人間がへた

誰のためにもならないことだけ書きます。半径三メートルの出来事と、たまに映画と音楽。

酔っぱらいの帰巣本能について

電車に乗っている時、目の前に酔っ払いが立った。サラリーマン風の中年男性だったが、露骨なまでに酔っていた。「酔っ払い」という概念すら知らない赤子でも、あれが酔っ払いだよ、と指さしてやれば「なるほど」と言葉を喋りだすんじゃないかと思うくらいに。

男は吊革に両手で捕まっていたが、立ちながらほぼ寝ていたようで、ものすごい勢いで揺れていた。グラグラ、という生易しい表現では再現しきれない。グワァ~ングワァ~ンという擬音が相応しい揺れ方だった。

小心者のわたしとしては、いつおっさんが目の前に座っているわたしに向かって倒れこんできやしないかと気が気でなかったのだが、横に座っていた中年女性は男には目もくれずクロスワードに夢中だった。この動じなさについてはある種の尊敬すら抱いた。東京の電車にはゴミと猛者が同居しているんだ。民度のるつぼだな、と考えた。すごいところに来てしまった、と故郷に想いを馳せたりもした。

「こんなに酔っていたら、家まで辿りつけないだろうなあ」と少しの慮りもあった。だがわたしの心配をよそに、ある駅に電車が到着しアナウンスが流れると同時に、男はパッと目を開き、フラフラとドアを出て行ったのだ。

すごい帰巣本能だ!と感動した。人間の形をしたハトやん!とも。一人で大盛り上がりだった。

ただ酔っ払いの帰巣本能についてはわたしも似たような経験を何度もしているので、分かるところがある。飲みに行って大いに酔っ払い、記憶すら朧気だが朝にはちゃんと自室のベッドで目が覚めている。まあ、冷蔵庫の中にスマホをしまっていたり、スマホのメモ帳に「鼻毛が三つ編みになっているキャラクターは大体すごい強い」などと謎のダイイングメッセージが残されている程度の酔狂さはあるが。

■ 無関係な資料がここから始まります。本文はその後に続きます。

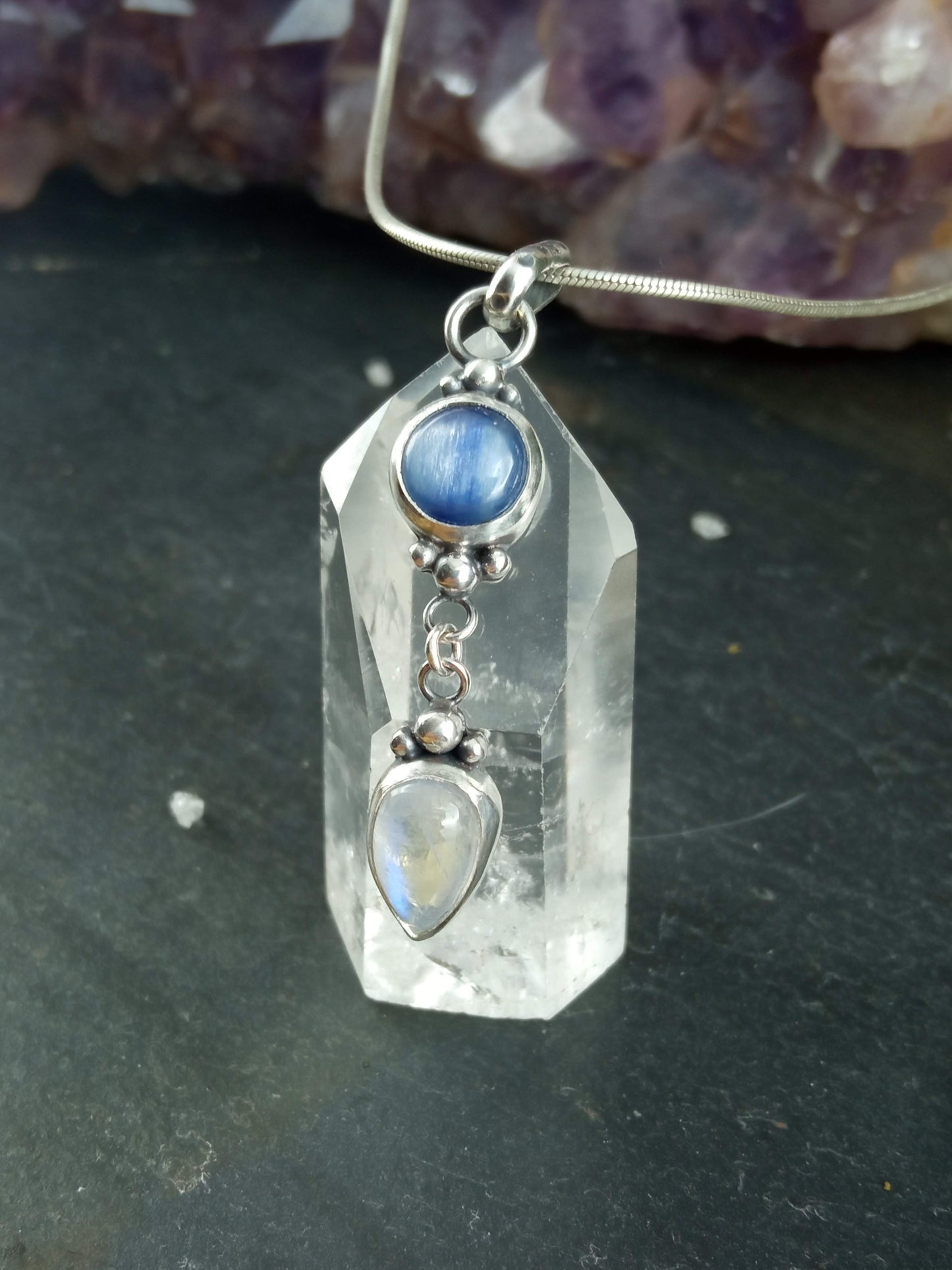 Pendentif cyanite et labradorite blanche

ただ、それを考慮してもあの男の帰巣本能はすごいんじゃないか。酒臭さも揺れ具合も相当なものだったから、余程深酒をしたんだろう。前後不覚の状態で、電車内のざわつきの中から降りるべき駅のアナウンスだけ的確に聞き分け、しっかりと降車したわけである。ハトでさえも、あそこまで酔っぱらってたら巣にはたどり着けないんじゃないか。

そういえば、まだ通信機器の発達していなかった時代の新聞記者は、ハトを数羽常に携帯していたという。伝書鳩に文書をくくりつけて飛ばすことで、スクープやニュースをいち早く会社に届けるためだ。

今でこそ、通信技術は隆昌を極め、ハトなど持ち歩かずとも情報のやり取りは出来るが、何があるか分からない昨今である。あらゆる情報網が絶たれ、そこらへんでポッポポッポやっているハトが絶滅危惧種に認定される時代が訪れないとは言えない。そうなった時は、新聞記者は酔っ払いのおっさんを数人引き連れていけば良い。ハトにエサをやるように、おっさんには紙パック焼酎を与える。記事が完成したら、おっさんにくくりつけて放流してやれば良い。

ただ、酔っ払いのおっさんを何人も引き連れている新聞記者の取材に応じる人間はいないだろうな、とも思う。

「本来、公正・公平性が保たれているべき政治が、政治家の権力や既得権益に委ねられている現状についてどう思われますか?」とか大真面目に語る記者の後ろで、酔っぱらったおっさん達が「ま~た小難しい話して!」「お食事券の汚職事件ってか!?」と、ポッポポッポやっているわけである。

多分、おっさんとの酒盛りに夢中になってしまう。新聞記者が酔っぱらったおっさんを引き連れないのも、納得である。